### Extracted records
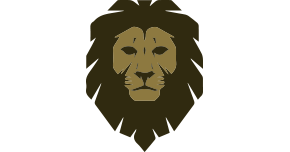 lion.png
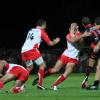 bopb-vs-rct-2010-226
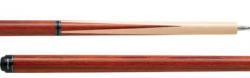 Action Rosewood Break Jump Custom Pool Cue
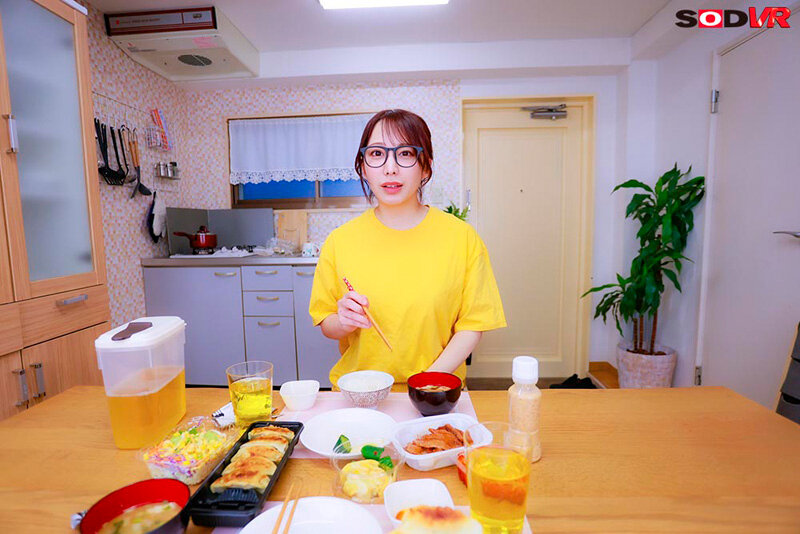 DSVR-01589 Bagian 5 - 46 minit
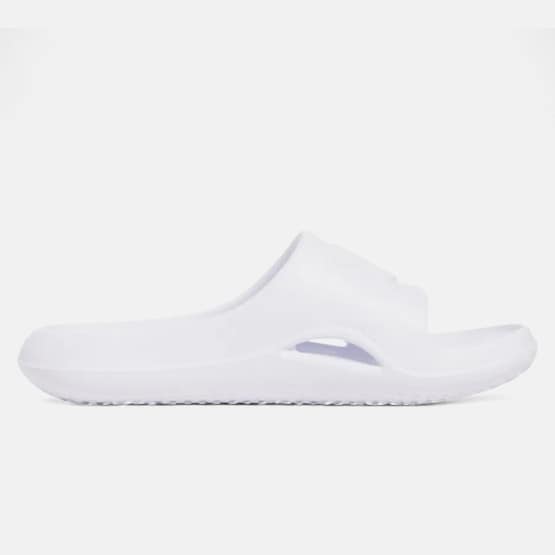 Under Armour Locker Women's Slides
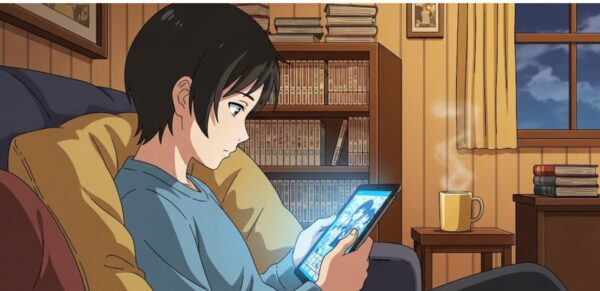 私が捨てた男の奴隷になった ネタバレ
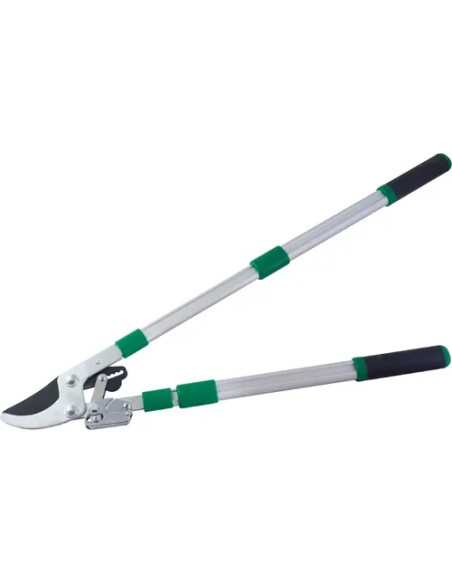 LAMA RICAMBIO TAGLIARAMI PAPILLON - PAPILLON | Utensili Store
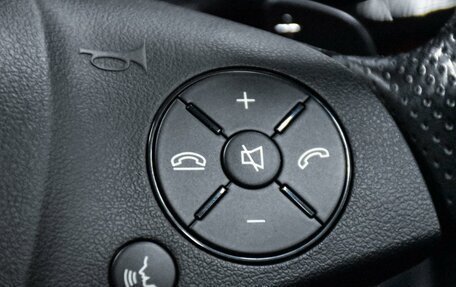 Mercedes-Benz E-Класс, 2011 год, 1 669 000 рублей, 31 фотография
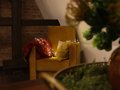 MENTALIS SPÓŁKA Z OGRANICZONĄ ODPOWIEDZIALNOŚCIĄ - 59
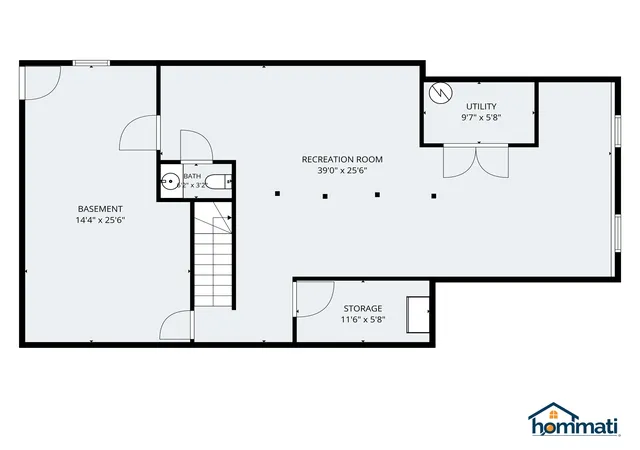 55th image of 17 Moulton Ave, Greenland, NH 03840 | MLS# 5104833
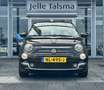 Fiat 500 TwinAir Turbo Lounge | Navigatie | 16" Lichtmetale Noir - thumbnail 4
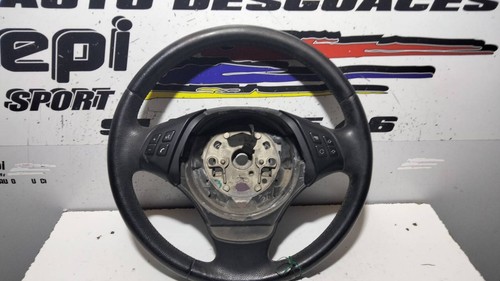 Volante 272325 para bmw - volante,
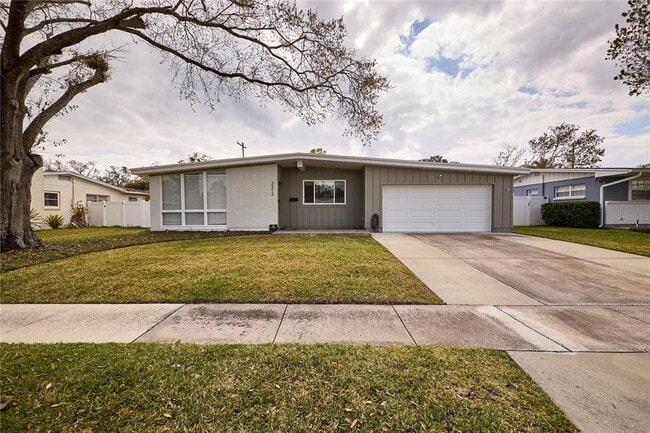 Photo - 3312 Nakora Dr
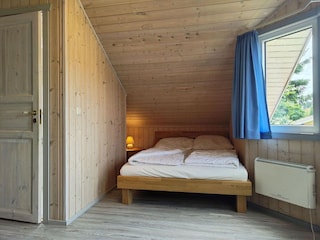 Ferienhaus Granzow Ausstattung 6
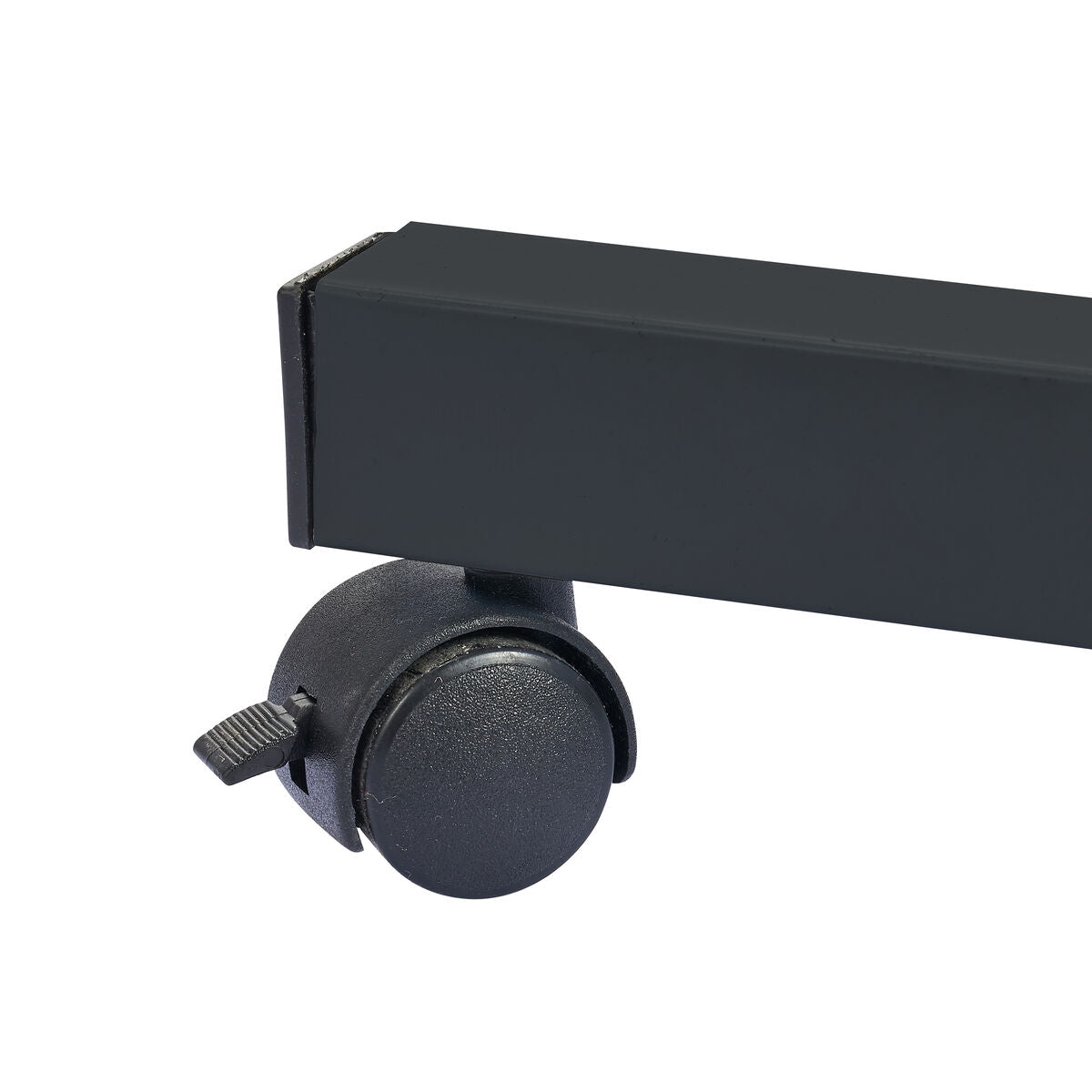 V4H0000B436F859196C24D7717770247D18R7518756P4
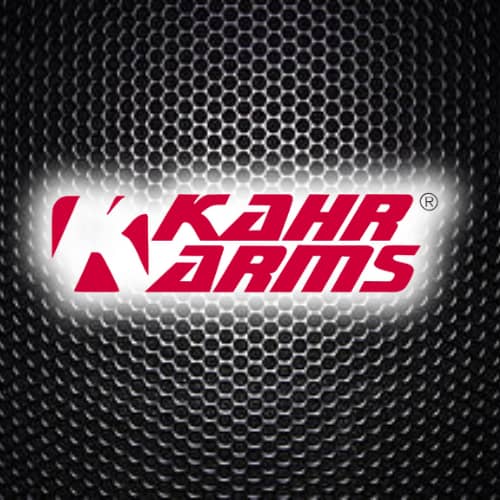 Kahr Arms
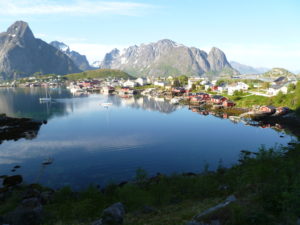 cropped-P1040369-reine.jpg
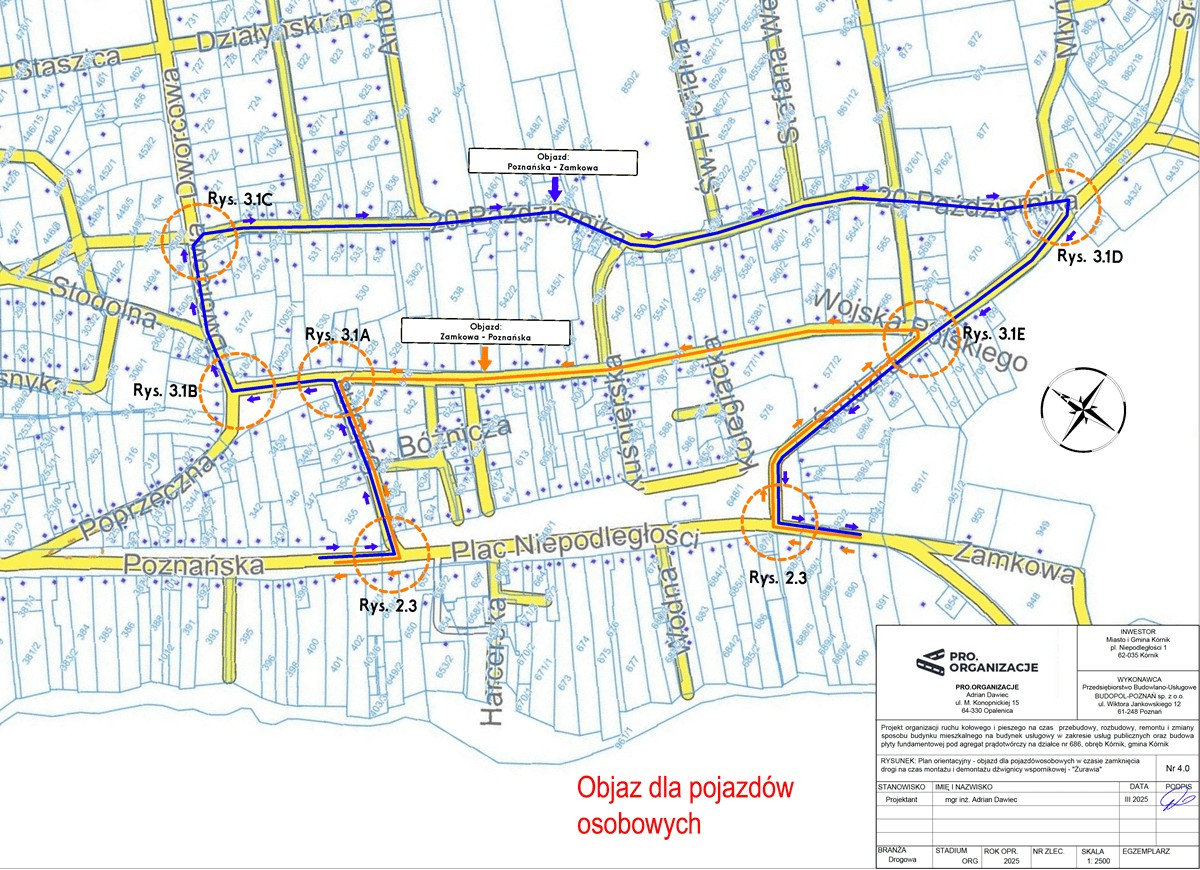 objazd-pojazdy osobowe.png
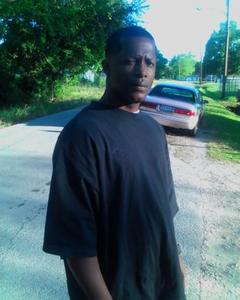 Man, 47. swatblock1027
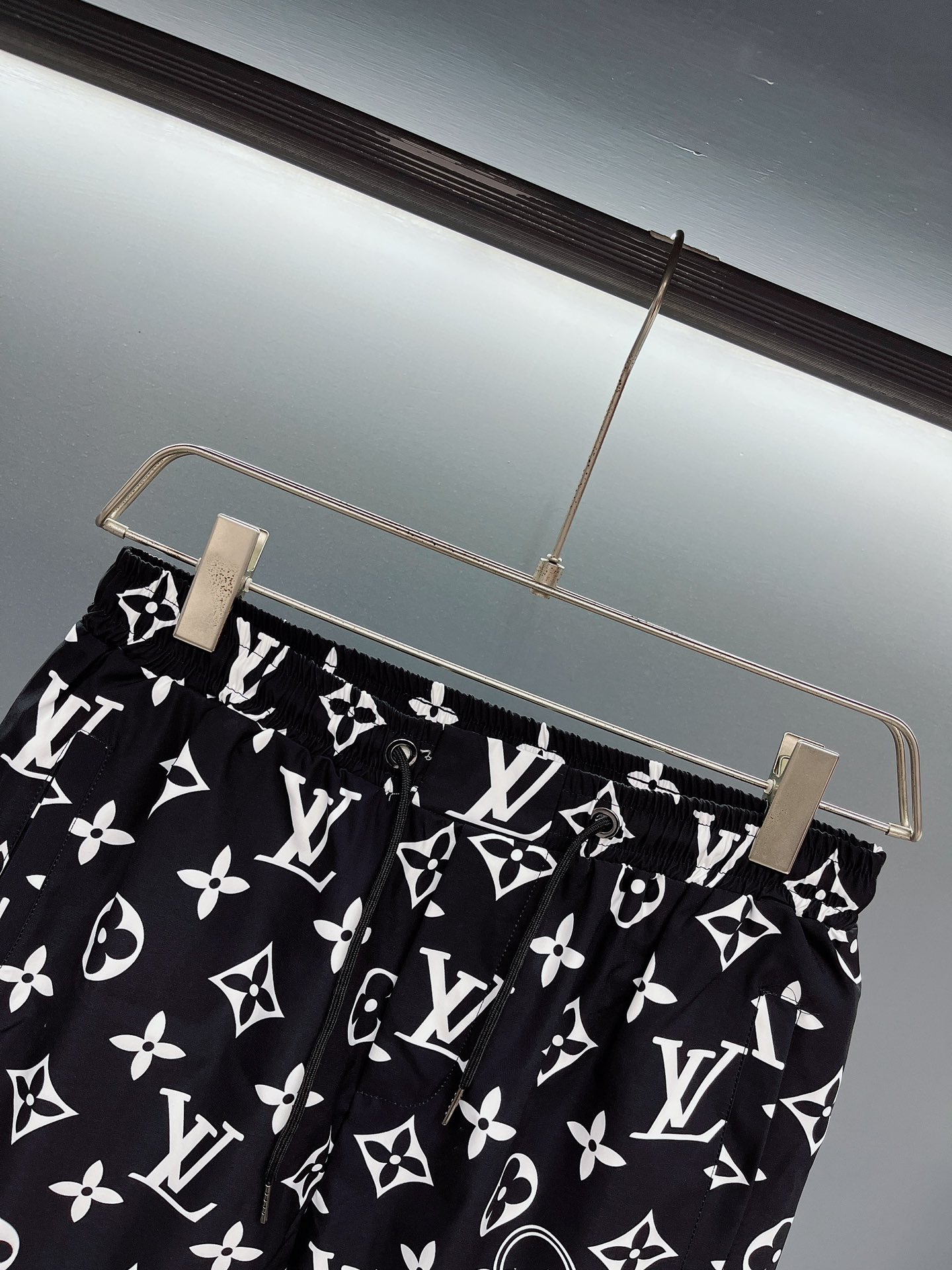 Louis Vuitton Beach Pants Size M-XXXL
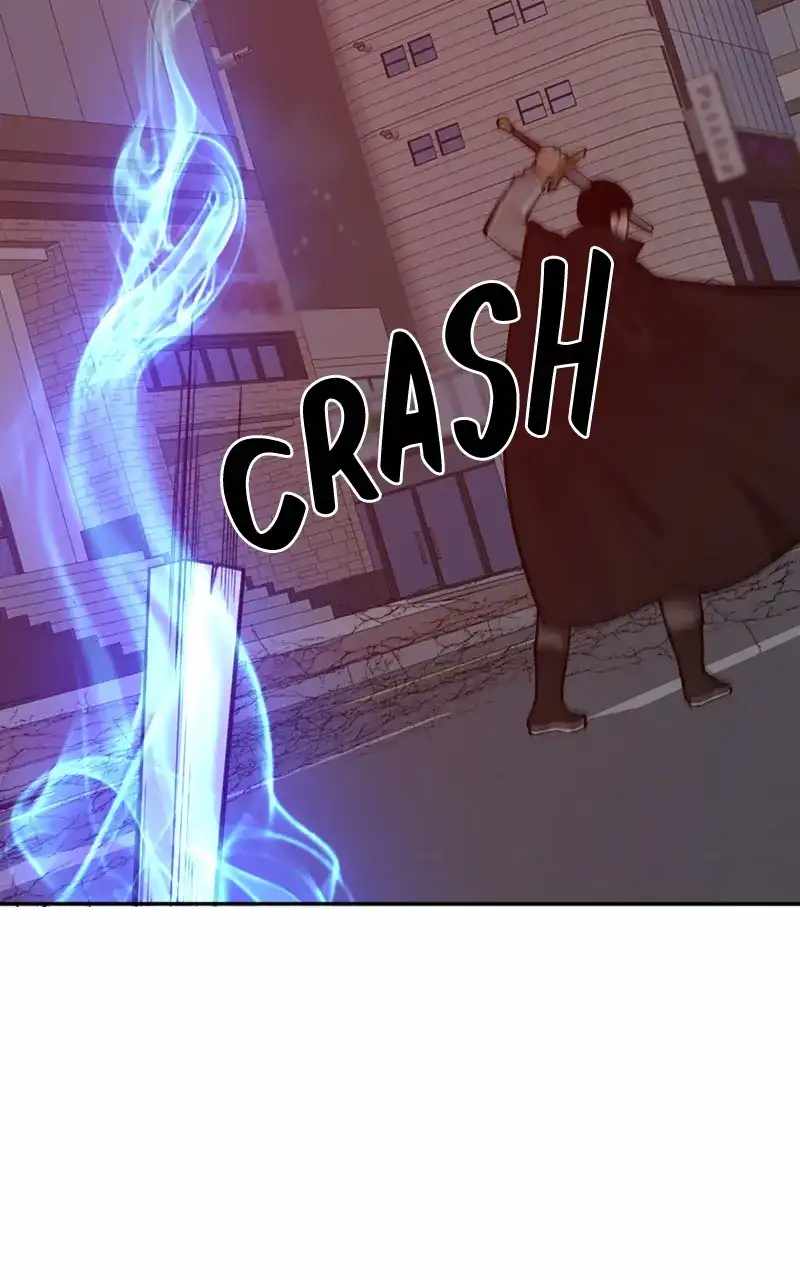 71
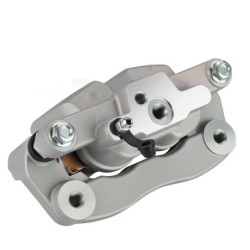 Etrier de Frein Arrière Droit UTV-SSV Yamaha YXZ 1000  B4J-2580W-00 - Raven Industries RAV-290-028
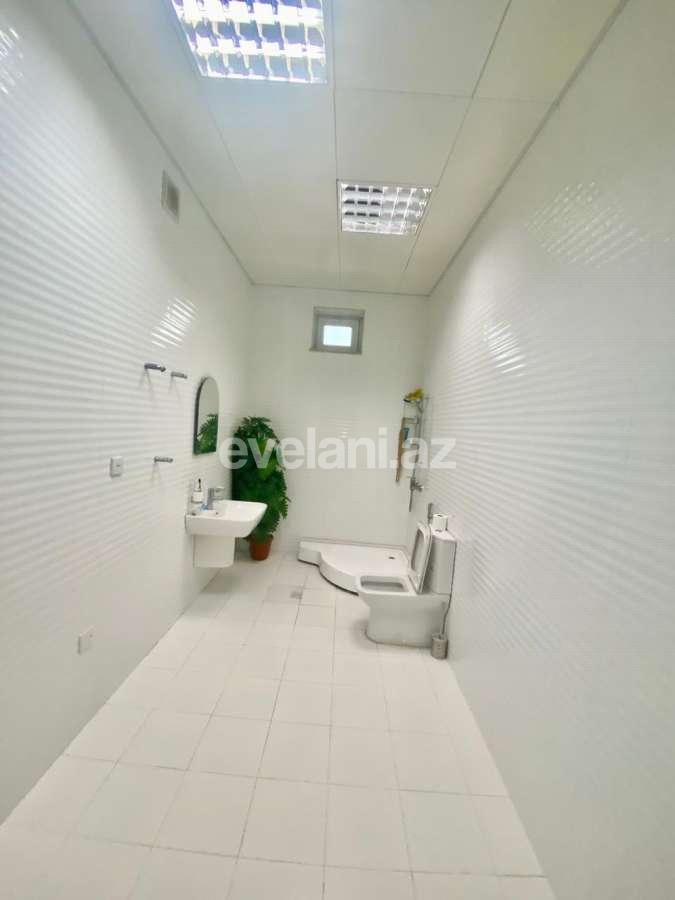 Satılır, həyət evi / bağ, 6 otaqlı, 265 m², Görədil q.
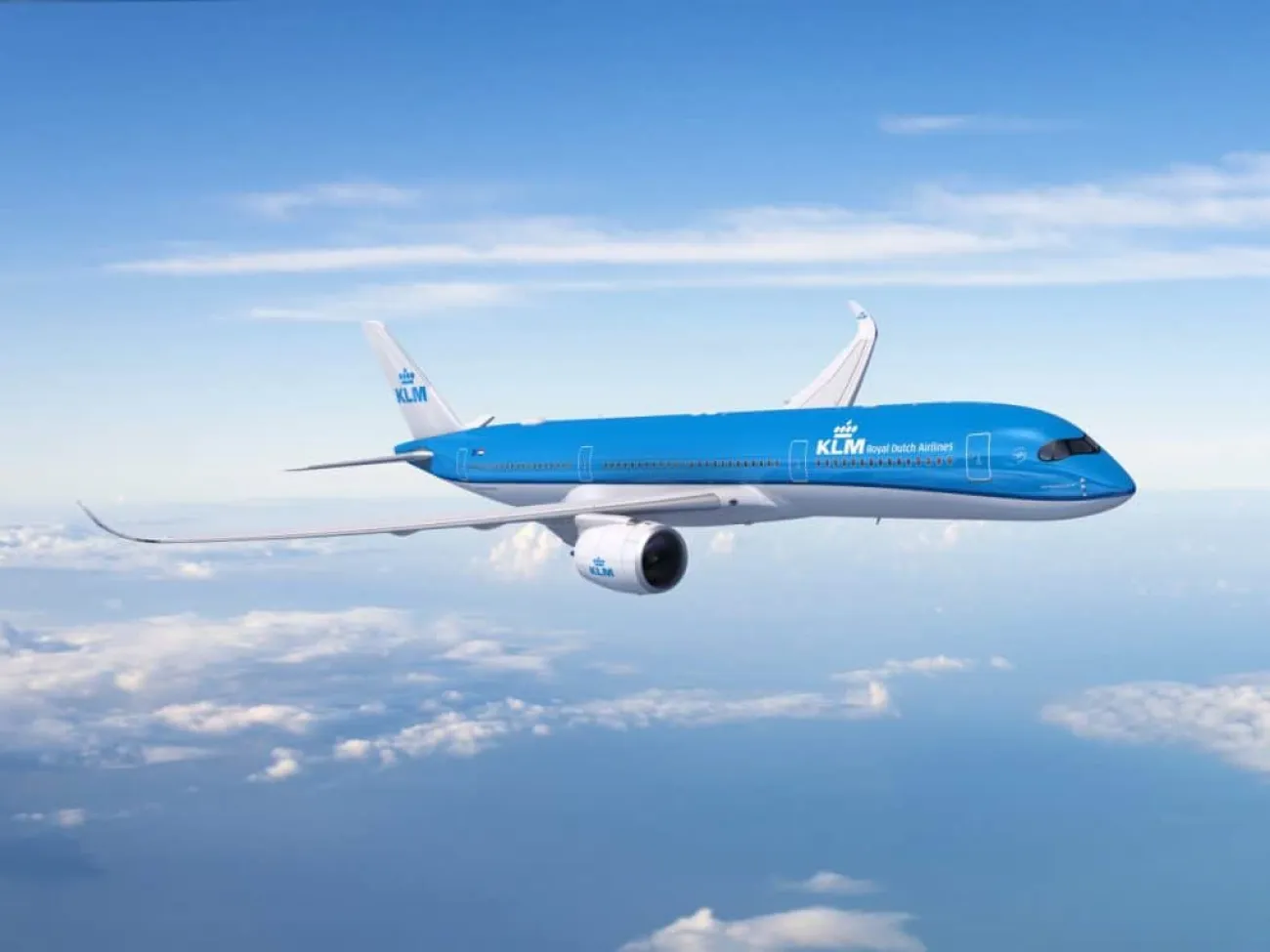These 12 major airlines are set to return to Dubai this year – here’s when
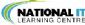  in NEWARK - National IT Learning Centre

### The task
Write out exactly the lines from the one containing "bopb-vs-rct-2010-226" to the last line of the records above, both included, and leave out any pictures.

### Worked solution
 bopb-vs-rct-2010-226
 Action Rosewood Break Jump Custom Pool Cue
 DSVR-01589 Bagian 5 - 46 minit
 Under Armour Locker Women's Slides
 私が捨てた男の奴隷になった ネタバレ
 LAMA RICAMBIO TAGLIARAMI PAPILLON - PAPILLON | Utensili Store
 Mercedes-Benz E-Класс, 2011 год, 1 669 000 рублей, 31 фотография
 MENTALIS SPÓŁKA Z OGRANICZONĄ ODPOWIEDZIALNOŚCIĄ - 59
 55th image of 17 Moulton Ave, Greenland, NH 03840 | MLS# 5104833
 Fiat 500 TwinAir Turbo Lounge | Navigatie | 16" Lichtmetale Noir - thumbnail 4
 Volante 272325 para bmw - volante,
 Photo - 3312 Nakora Dr
 Ferienhaus Granzow Ausstattung 6
 V4H0000B436F859196C24D7717770247D18R7518756P4
 Kahr Arms
 cropped-P1040369-reine.jpg
 objazd-pojazdy osobowe.png
 Man, 47. swatblock1027
 Louis Vuitton Beach Pants Size M-XXXL
 71
 Etrier de Frein Arrière Droit UTV-SSV Yamaha YXZ 1000  B4J-2580W-00 - Raven Industries RAV-290-028
 Satılır, həyət evi / bağ, 6 otaqlı, 265 m², Görədil q.
These 12 major airlines are set to return to Dubai this year – here’s when
  in NEWARK - National IT Learning Centre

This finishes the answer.